Défaite 4-2 contre Zoug en 1/4 de finale

Commentaires

Qu’attendions-nous de cette saison ?

 

Le titre ! On sort d’une saison durant laquelle on échoue au 7ème match de la finale, quoi de plus normal que d’espérer le titre pour la suivante ? Ce d’autant plus que l’effectif qui nous aura tant fait rêver quelques mois plus tôt n’a quasiment pas bougé. Certes, le départ d’Hürlimann ne va pas être facile à digérer, mais on en sait l’équipe capable.

 

Plus sérieusement, c’est plus les départs de Suri et Kolnik qui sont difficiles à encaisser, mais les arrivées de Park, Walsky ainsi que Fritsche et Simek en cours de saison, sans oublier l’immense Pierrick Pivron nous poussent quand même à un certain optimisme. L’arrivée de Brian Pothier sera elle une vraie plus-value par rapport à Marek Malik, malgré le but inoubliable de ce dernier contre Fribourg. Sans oublier que notre ange-gardien veille toujours au grain. Tout semble réuni pour que cette saison soit au moins aussi belle que la précédente.

 

Quel bilan en tirons-nous ?

 

Soyons francs, on s’est un peu fait chier durant cette saison. A peine remis de la défaite en finale quelques mois plus tôt, le public des Vernets s’attendait à revivre des émotions fortes tout au long de la saison. Au final, l’inconstance de l’équipe, les blessures et le départ de Déruns auront raison de nos espoirs de vivre des trucs excitants.

 

Il faut dire qu’en entamant la saison avec 3 points en 6 matchs, nous nous étions vite rendu compte que cette campagne n’allait pas être aussi brillante que la précédente. La fameuse SDS si brillante quelques mois plus tôt ne parvient plus à scorer, Richard Park est loin de faire oublier Kolnik et ce petit grain de folie qui nous faisait gagner des matchs de manière invraisemblable semble s’être fait la malle.

 

Jamais complètement largués – hormis en tout début de saison – mais jamais complètement dans le coup non plus, on craindra quand même pendant un bon moment une non-accession aux playoffs. Meilleur compteur de l’équipe Jeff Toms, avec ses 36 points en saison régulière, ne termine qu’au 24ème rang des pointeurs du pays, alors que Park le suit de près avec 34 points, soit un de plus que le gros renfort de la saison, le Canado-Suisse Dan Fritsche, et Brian Pothier.

 

Finalement qualifiés assez facilement pour les playoffs, c’est face à Zoug que nous allons tenter de prouver une fois encore que nous sommes cette fameuse « équipe de playoffs qui fait peur à tout le monde ». On y a même carrément cru au soir du premier match de la série, gagné 8-5 en terres zougoises avec notamment un solo phénoménal de Walsky sur le 5-7. Mais à l’image de la saison, le moment d’enthousiasme ne dura guère et Zoug prend sa revanche 2 jours plus tard en s’imposant 2-6 aux Vernets.

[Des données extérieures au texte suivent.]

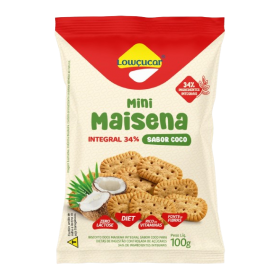 LOWCUCAR MINI MAISENA INT COCO 100G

Pourtant, après le 1er match, on aurait volontiers parié sur le titre…

 

Les deux prochains matchs seront gagnés par l’équipe jouant à domicile, avec notamment cette victoire épique en prolongations lors du match 6, où Walsky – encore lui - nous offrit la victoire après… 16’56 de prolongations. Là encore, on se dit que cette fois c’est la bonne. C’est le déclic. Ou pas.

 

Comme bien souvent en playoffs, on finira par laisser passer notre chance. Alors qu’une victoire à Zoug nous aurait quasiment offert la série, et malgré le 3-3 inscrit par Bezina à moins de 3 minutes du terme, nous finirons par nous incliner aux tirs au but.

 

Le match 6 sera celui du fameux slap de Pothier. Mais avant cela, souvenons-nous d’abord que nous étions encore menés 4-1 après 35 minutes ! Mais F. Randegger et Simek (sur assist de Steeven Nicolet !) nous redonnèrent un peu d’espoir. Puis vint cette pénalité contre Wozniewski (mot compte double) et ce slap magistral de Pothier au-dessus de l’épaule de Markkanen, qui prouva ainsi être capable de prendre un but autrement qu’entre les jambes. C’est du délire dans les Vernets et on se dit que finalement, cette saison a peut-être quelque chose de magique.

 

C’était sans compter sur ce but encaissé après seulement 2’25 en prolongations. Œuvre d’un certain Damien Brunner, qui n’était à cette époque pas encore la diva capricieuse qu’il est devenu par la suite. Rideau !

 

Le joueur de la saison

 

Brian Pothier. On attendait le « nouveau Hauer » depuis si longtemps que le soulagement a été grand de voir débarquer et jouer Brian Pothier. Malgré des débuts hésitants (il a même été sifflé à ses débuts), il s’est imposé comme le patron de notre arrière-garde. Et c’est lui qui nous fera vivre notre dernier moment d’émotion d’une saison qui en aura cruellement manqué, en égalisant dans les dernières secondes du match 6 face à Zoug (lire ci-dessus).

 

D’ailleurs, jusqu’à l’arrivée de Fransson cette saison, il n’était pas rare d’entendre qu’il nous fallait un défenseur « comme Pothier », preuve qu’il aura marqué les esprits.

 

Le flop (joueur) de la saison

 

Bryan Lerg. Qui ?

 

Ce qui aurait pu tout changer

 

Surfant sur la vague du succès (enfin, succès à la genevois quoi, c’est-à-dire défaite en finale), le GSHC obtient les promesses, les engagements et le financement nécessaires à la construction de sa nouvelle patinoire. Aussitôt, plusieurs gros sponsors frappent à la porte, le public répond présent et souscrit en masse à l’offre proposée qui permet d’acheter un siège pour une période de 10 ans. Et malgré tous les recours et autres tracasseries administratives, le GSHC inaugure son nouvel écrin le 1er septembre 2015 devant 10'000 spectateurs venus fêter les nouveaux champions de Suisse.

 

S’il ne fallait retenir qu’un instant

 

Le 31 janvier 2011, une notification de la Tribune met en émoi tous les supporters genevois : Thomas Déruns est transféré avec effet immédiat au CP Berne. Le club se fendra d’un communiqué expliquant qu’il a « dû prendre quelques mesures exceptionnelles afin de financer une partie du déficit structurel pour la saison 2010-2011 », moyen comme un autre de mettre la pression sur les politiques. La pilule a néanmoins du mal à passer, tant Thomas était devenu l’une des idoles des Vernets. Une nouvelle fois, le business à la sauce McSo a pris le dessus sur le reste. Et finalement, au vu de son parcours depuis, on se dit que le choix n’était pas complétement illogique…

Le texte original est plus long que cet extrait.